Due out on May 5 on the band’s own Faster Horses Recordings, South Shore delivers further winning iterations on the band’s “smooth, authentic Honky Tonk, early Rock & Roll vibe that’s incredibly endearing” (Cincinnati City Beat). It’s a collection that brings it all back home to the small coastal town of Scituate. MA, some 30 miles south of Boston, where Ward Hayden hails from and returned to five years ago.

“It’s the closest thing I’ve ever done to a concept album,” Ward notes. “I wanted to just recount my experience of growing up in a small town and what it meant and what it took to get out and leave that behind and try to pursue something, chase after something that was and is a dream. I used to joke that my greatest achievement was I got out of here because it was no easy feat.”
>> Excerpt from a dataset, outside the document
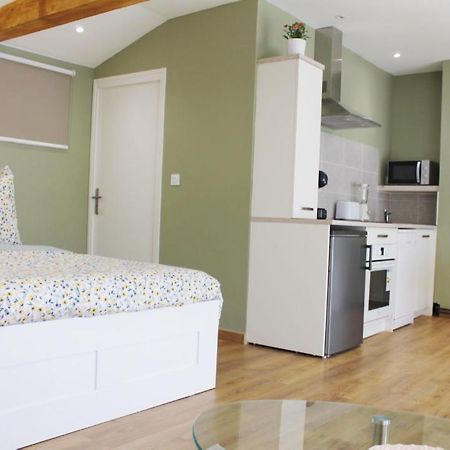 Saint Etienne : Appartement Chateaucreux 40 M2 Bagian luar foto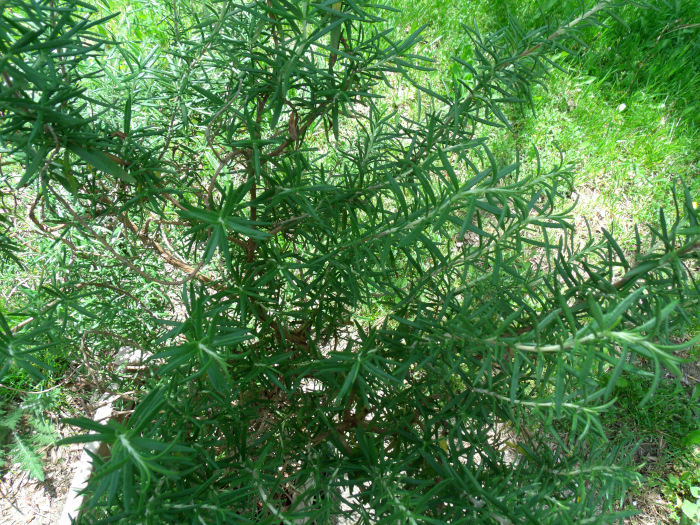 GEDSC DIGITAL CAMERA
Soon after starting his band in his mid-20s, Hayden got out of Scituate to Boston, just up the coast. Known as a great American music city, it proved to be an ideal launching pad for his group. Ward Hayden & The Outliers (formerly known as Girls Guns and Glory) are the only act to win both a Boston Music Award for Act of the Year (as well as with six other BMAs) and legendary Beantown radio station WBCN’s annual Rumble,

 

The group went on to later win an Independent Artist of the Year at the French Country Music Awards plus an Americana Music Awards nomination for Album of the Year. Playing some 200 dates across America over the last two decades as well as more than a dozen tours of Europe, they’ve won over a loyal following by melding country music’s and rock’n’roll’s finest roots with contemporary authenticity and appeal.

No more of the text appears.